The problem ▸ Using the data below, set down every line from the one containing "Wholesale Drip Oil" through the one containing "Wide Leg Sweat", inclusive and unchanged. Pictures are to be skipped.

Dataset ▸
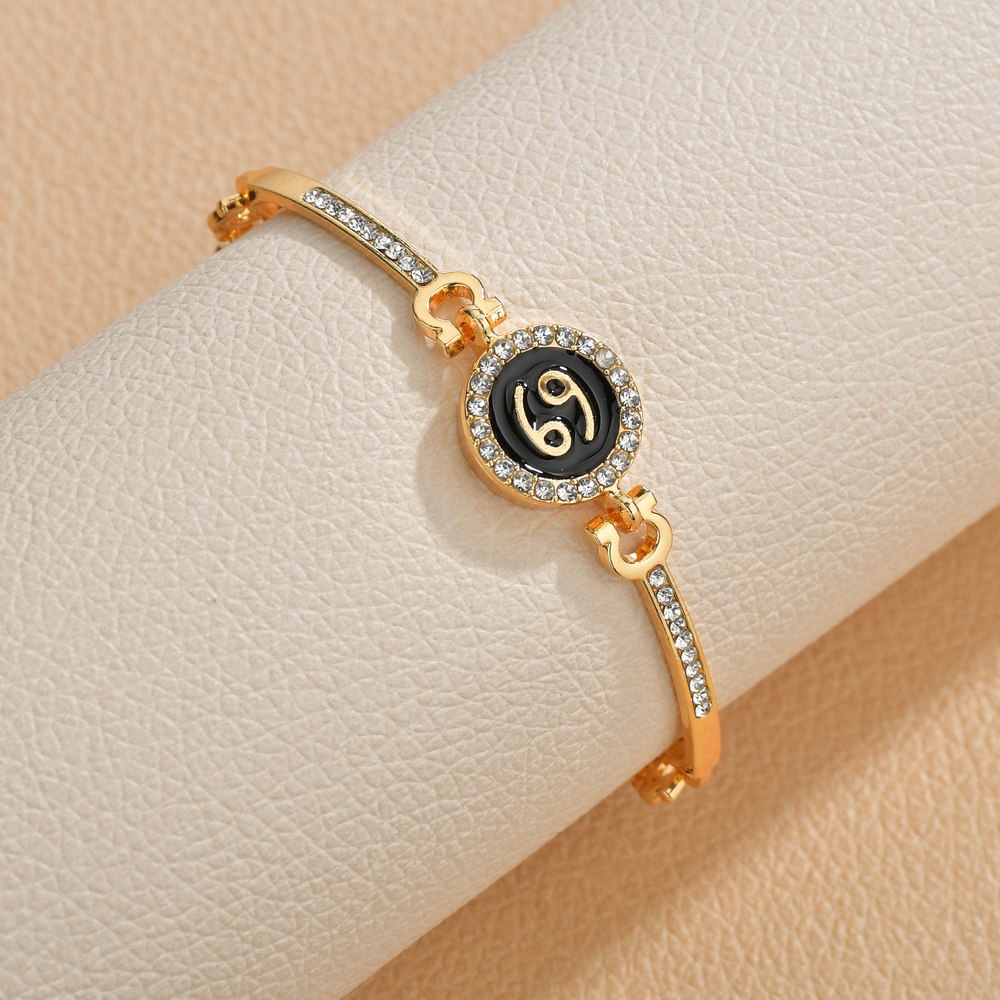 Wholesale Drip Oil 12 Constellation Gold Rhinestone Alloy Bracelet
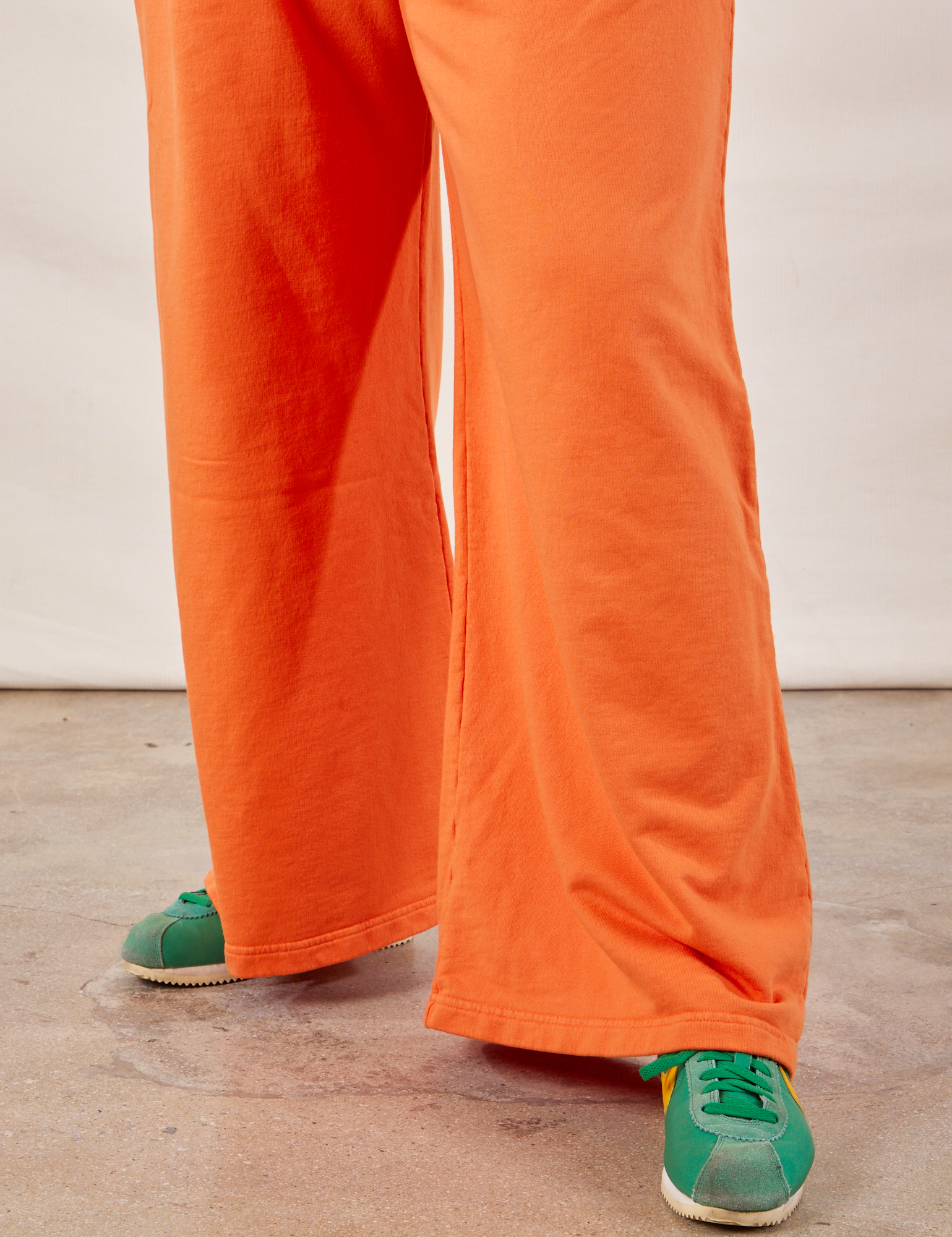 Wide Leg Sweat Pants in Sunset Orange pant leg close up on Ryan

...

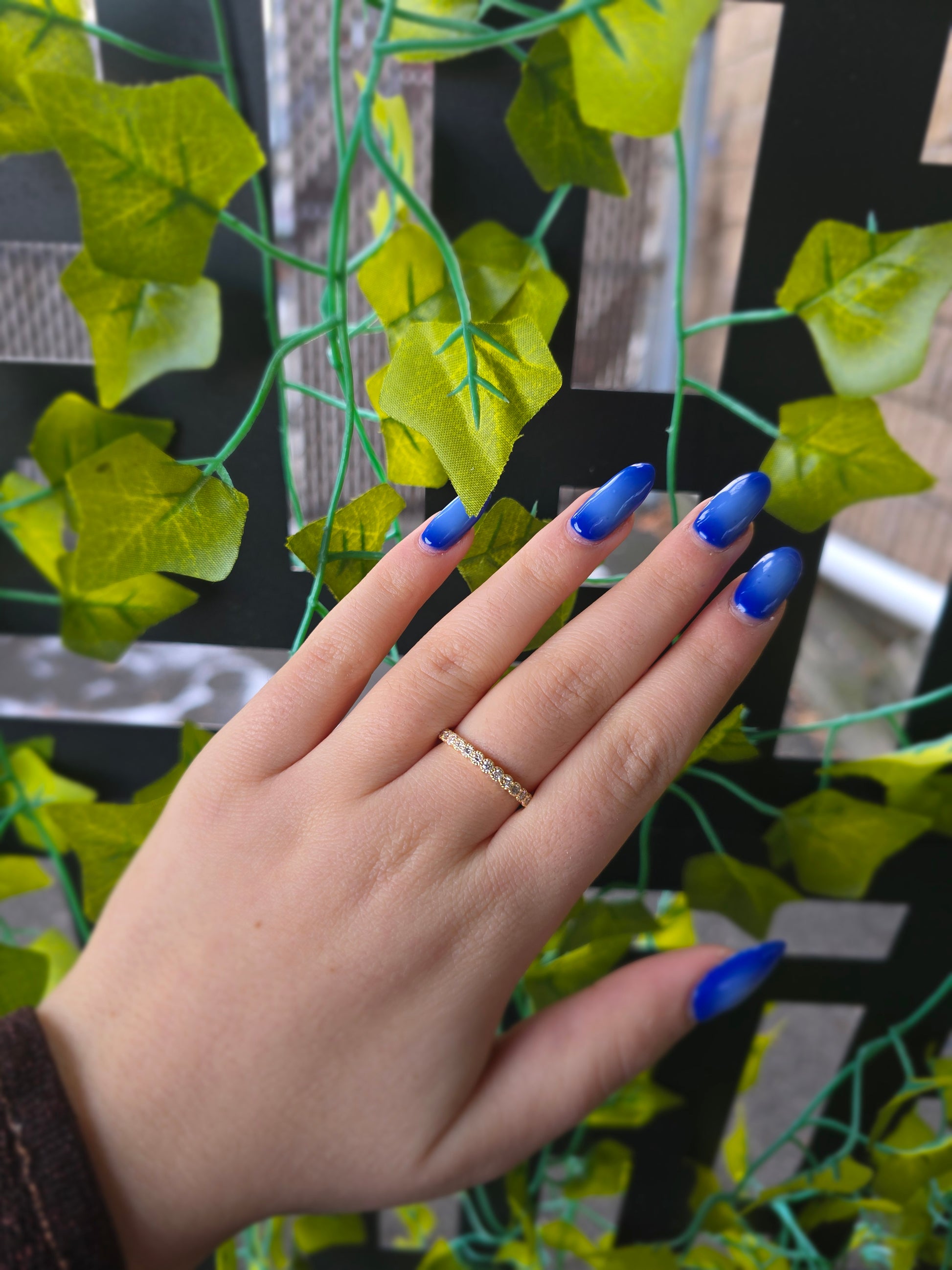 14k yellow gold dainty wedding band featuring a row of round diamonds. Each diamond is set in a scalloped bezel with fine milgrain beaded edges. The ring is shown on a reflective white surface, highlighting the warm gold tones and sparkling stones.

...

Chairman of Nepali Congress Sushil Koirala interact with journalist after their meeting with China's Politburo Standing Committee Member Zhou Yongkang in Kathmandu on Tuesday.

Response for this exercise ▸
 Wholesale Drip Oil 12 Constellation Gold Rhinestone Alloy Bracelet
 Wide Leg Sweat Pants in Sunset Orange pant leg close up on Ryan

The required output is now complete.